Tudo depende então do que o sujeito possa fazer com sua determinação, no encontro analítico com esse sujeito real, não encontrado freqüentemente (ser falante),marcado pelo destino do recalque originário. Se há algo a ser encontrado em uma análise, dirá Lacan, é o destino. Isso que não cessa de não se escrever, marca de duas negativas, impossível de ser dito ou reconhecido, umbigo do sonho em Freud, talvez possa ser uma boa definição lacaniana de destino, posto que no final de seu ensino o inconsciente real é definido como fora de sentido. Nesse limite, nesse encontro, um dos destinos de uma análise pode ser o seu fim. Mas nem sempre. De todo modo se “toda carta chega ao seu destino”, as análises, se elas funcionam, tocam alguma face do destino ao confrontar o sujeito com seu dizer e sua responsabilidade ética.
Referências Bibliográficas
Freud, S. A interpretação dos sonhos [1900-1901]. ESB, Rio de Janeiro: Imago, 1972. IV.
——— As pulsões e suas vicissitudes [1915]. ESB, Rio de Janeiro: Imago, 1974. v. XIV.
——— Conferência XXV [1917]. ESB, Rio de Janeiro: Imago, 1976. v. XVI.
——— Além do princípio do prazer [1920]. ESB, Rio de Janeiro: Imago, 1976. v. XVIII.
——— A questão da análise leiga [1926]. ESB, Rio de Janeiro: Imago, 1976. v. XIX.
Lacan, J. Introdução Teórica às funções da psicanálise em criminologia. In Escritos. RJ, Jorge Zahar, 1998.
——–. O seminário. Livro 2 ( 1954-1955). O eu na teoria de Freud e na técnica da psicanálise. RJ, Zahar, 1985.
——–. O seminário. Livro 8 ( 1960-1961). A transferência. RJ, Jorge Zahar, 1992.
——–. O seminário. Livro 11 (1964). Os quatro conceitos fundamentais da psicanálise.
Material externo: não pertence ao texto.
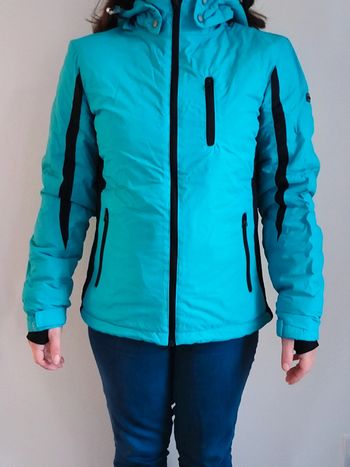 Manteau ski Longboard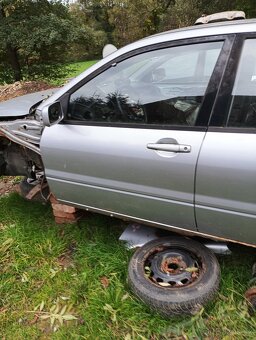 Mitsubishi Lancer - 17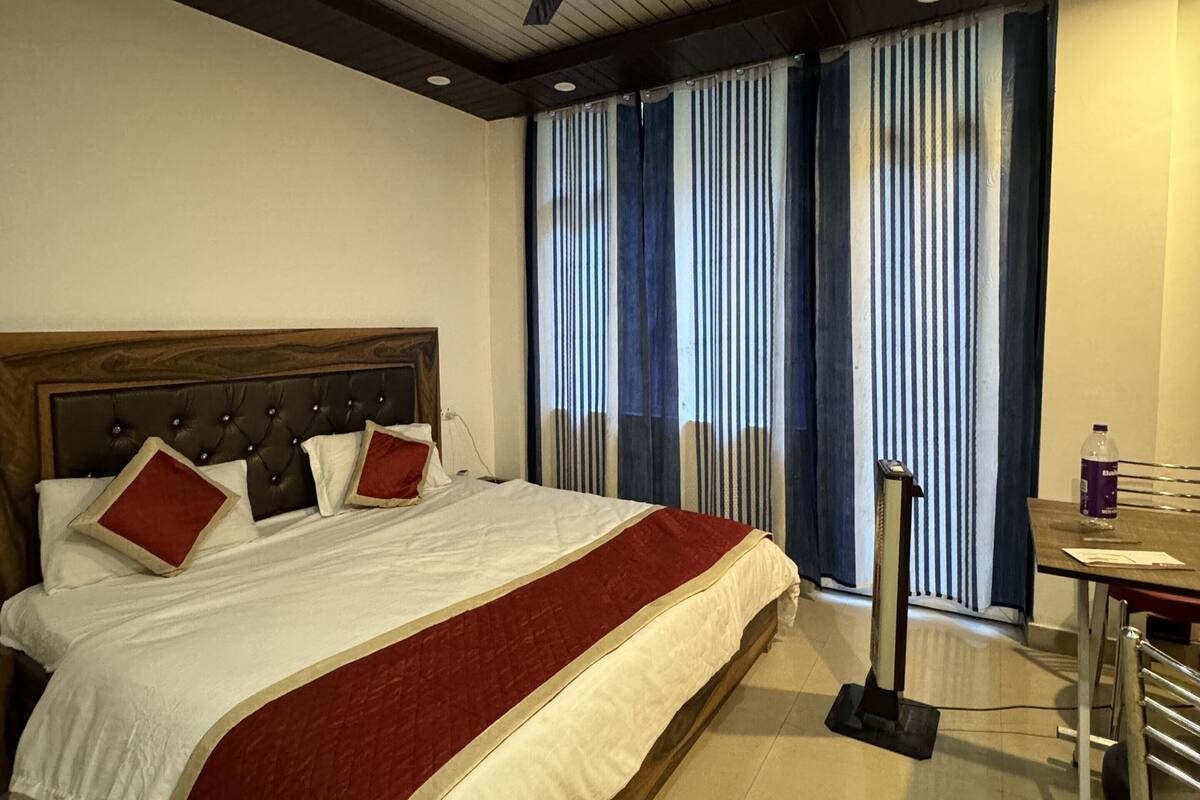Royal Room | 1 bedroom, free WiFi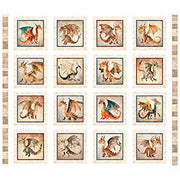 Dragon Dreams | Baby Dragons - Patches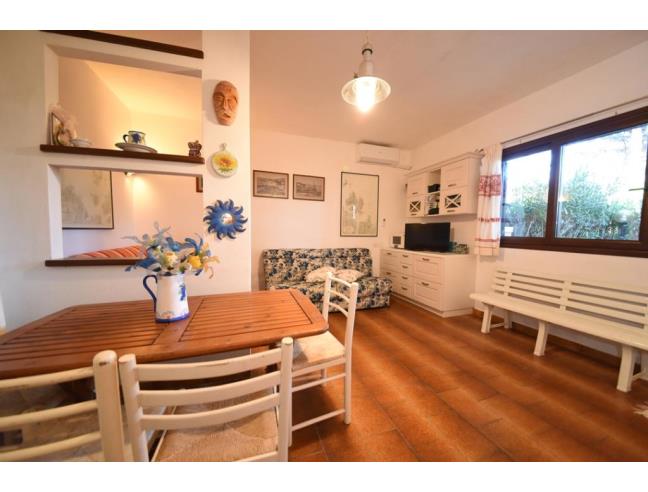 Anteprima foto 7 - Affitto Appartamento Vacanze da Privato a La Maddalena (Sassari)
——–. Préface à l’édition anglaise du Séminaire XI. In : Autres écrits. Éditions du Seuil. Paris, 2001.
Janeiro de 2019
* Ângela Mucida é psicanalista em Belo Horizonte, Mestre em Filosofia, Doutora em Psicanálise/UFMG, AME da EPFCL, membro da IF-EPFCL Fórum Nacional Rede Diagonal Brasil
[1] -Freud, 1917/2014, p. 440), grifos meus.
[2] -Freud, 1926/2014, pp. 205-206.
[3] -Lacan, 1954-55/1985, p. 61.
[4] – Lacan, 1960, p.312.
[5] -Lacan.Conférence em Sorbonne -16 junho de 1975- Abertura do 5e Symposium international James Joyce. Texte établi par Jacques-Alain Miller, à partir des notes d’Éric Laurent. [5] L’âne, 1982, n° 6.[5]